Plus de dignité… moins de fantaisie ?
Notons, tout de même, une avancée remarquable depuis quelques années sur la volonté d’améliorer la formation initiale des professionnels et de favoriser leur formation continue. Les recherches en neurosciences nourrissent nos réflexions et nos mises à jour, apportant leur lot de savoir-faire et de savoir-être avec les tous petits.

Mais, il semblerait que cette professionnalisation des métiers ait aussi apporté avec elle, une posture professionnelle qui paraitrait plus « digne » et plus « sage ».  Le jeu et la douce fantaisie ont disparu des pratiques professionnelles chez la plupart des acteurs de la petite enfance. Où sont donc passées les professionnelles qui jouent avec les enfants ? Où est passée cette fantaisie ? L’enfant a besoin d’adultes protecteurs, garant de sa sécurité physique et affective, d’adultes avec qui il peut créer des liens d’attachement, qui prodiguent des soins avec douceur et bienveillance, d’adulte de confiance. Certes ! Mais il a aussi besoin d’adultes qui rient, qui explorent, qui dansent, qui chantent, qui courent... Qui jouent !

Jouer, c’est communiquer
Jouer n’est pas un manque de professionnalisme, jouer n’est pas signe d’une mauvaise posture professionnelle. Jouer est signe d’un investissement, d’un plaisir et d’un enthousiasme présent et bénéfique à l’enfant. Bien sûr, il ne s’agit pas de devenir l’acteur principal du jeu de l’enfant, la juste posture revient à collaborer avec lui dans son jeu. S’autoriser à jouer, c’est communiquer et interagir.

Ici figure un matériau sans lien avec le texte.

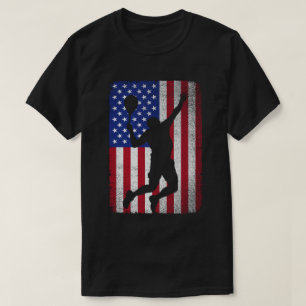 T-shirt Drapeau Américain Tennis Pour Hommes Femmes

Le jeu est vecteur de joie et éveille la sécrétion des hormones du bonheur, l’ocytocine. Le centre de la mémoire est le même que le centre émotionnel, c’est pourquoi ces moments partagés se stockent, chargés de plaisir, dans la mémoire de chacun. Cela contribue au bonheur des enfants mais aussi au bien-être des professionnels. Les journées sont plus douces et cela réactive l’enthousiasme des professionnels. (voir l' article « Renouer avec l’enthousiasme en petite enfance » )

Jouer, c’est gai
Parmi toutes les missions des professionnels de la petite enfance se trouve celle du “Jouer Avec”. Cela signifie donc que les adultes ont cette légitimité et peuvent s’autoriser cette fantaisie. J’utilise souvent le mot « fantaisie » car il représente toute la joie et la bonne humeur relative au jeu partagé, avec un petit soupçon de créativité et de malice cher à la petite enfance. Nous créons des liens encore plus solides avec l’autre lorsque nos joies se sont rencontrées et nos rires entremêlés.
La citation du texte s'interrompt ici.